The Western Harem


I found Fatema Mernissi’s book Scheherazade Goes West fascinating because I learned dozens of new things from her comparison of feminist beauty in the East and the West.  The most significant piece of information I took from her work was simply how little we really know about cultures outside our own until we take the time to study it and immerse ourselves in it. Scheherazade Goes West made me feel truly blessed to have the opportunity to travel to Morocco, especially because Mernissi placed such a strong emphasis on travel and learning from foreigners. Mernissi states “travel helps you to figure out who you are and how your own culture controls you” (91). I discovered numerous ways that my culture has controlled me, creating false truths about the East, simply from reading Scheherazade Goes West. Therefore, I cannot wait to discover the reality of Eastern culture through experiencing Morocco first hand.

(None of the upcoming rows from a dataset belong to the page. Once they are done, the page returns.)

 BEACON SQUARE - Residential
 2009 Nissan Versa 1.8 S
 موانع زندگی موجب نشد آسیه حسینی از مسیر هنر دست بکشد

Beyond realizing and accepting how very little I know about culture in the East, Mernissi’s book shed new light onto how Western women have also been forced into a sort of harem by men and “the male gaze.” Before examining the ideas and evidence in Scheherazade Goes West I believed that all men, regardless of their global location, objectified women for the same reasons. However, Mernissi points out that “the second distinctive feature of the Western harem: Intellectual exchange with women is an obstacle to erotic pleasure” (26). This concept is repeated through Western artwork as well, which display vulnerable and passive harem women. Jacques tells Mernissi, “In my harem, I prefer my women to be totally nude, just like Ingres’s Grande Odalisque…Nude and silent—these are the two key qualities of my harem women” (106).  Mernissi acknowledges that harem paintings in the East depict a much different type of women.

Similarly to their miniature paintings, the tales of famous Eastern women describe strong, active and intelligent women. In fact these women, such as Tawaddud, rely on their intelligence and are praised by men for it; unlike women in the West, where men seem to want a women “with a paralyzed brain” (95). Mernissi quotes Kant’s words on educated women, “Laborious learning, even if a woman should greatly succeed in it, destroys the merits that are proper to her sex, and because of their rarity they can make her an object of cold admiration; but at the same time they will weaken the charms with which she exercises her great power over the other sex” (90). Kant’s ideas, which reflects the views of the Western world about femininity force women to choose between being beautiful and intelligent.

Through her interaction with Western men and culture, Mernissi discovers that men in the East are attracted to an entirely different type of woman than men in the West (generally speaking). Men in the East trap women in harems because they realize that they are intelligent and potentially dangerous; these men are aware that the women are capable of disturbing the culture and economy. However, it seems that in the West men desire a women who is somewhat brainless. They have created a particular image of what makes a woman beautiful, and intelligence is not a part of that image. Mernissi concludes that men in both cultures, the East and the West, have trapped women in harems, so to speak, but in different ways and for different reason.


I thoroughly enjoyed how Mernissi concluded her work by retelling her shopping experience in New York City. As a Western woman, I’m used to being told that to be beautiful is to be thin. But it never really occurred to me that physical beauty is of less importance in other parts of the world, because it is so essential in the world I’ve grown up in. Before going shopping in New York, Mernissi wasn’t aware that she wasn’t the ideal size, or that her weight could make her less attractive to people. She told the saleswomen, “I come from a country where there is no size for women’s clothes” (212). But here in the West, women are more than aware of their size and weight everyday. I thought to myself that it must be very freeing not to have to worry about what size of clothing you wear, not having to spend hundreds of dollars on make-up, and not feeling that it is necessary to spend most of the morning trying to make yourself look appealing. While I feel that our society has moved past Kant’s idea, that the idea women is silent and uneducated, I do see how Western women are still forced to subscribe to certain ideas of what makes them beautiful. Mernissi says it perfectly, “the threat [her words] implied was so cruel that I realized for the first time that maybe ‘size 6’ is a more violent restriction imposed on women than is the Muslim veil” (213). In some respects, women in the East are freer than women in the West because the male gaze has put Western women in an invisible harem, without physical barriers but nevertheless very oppressive.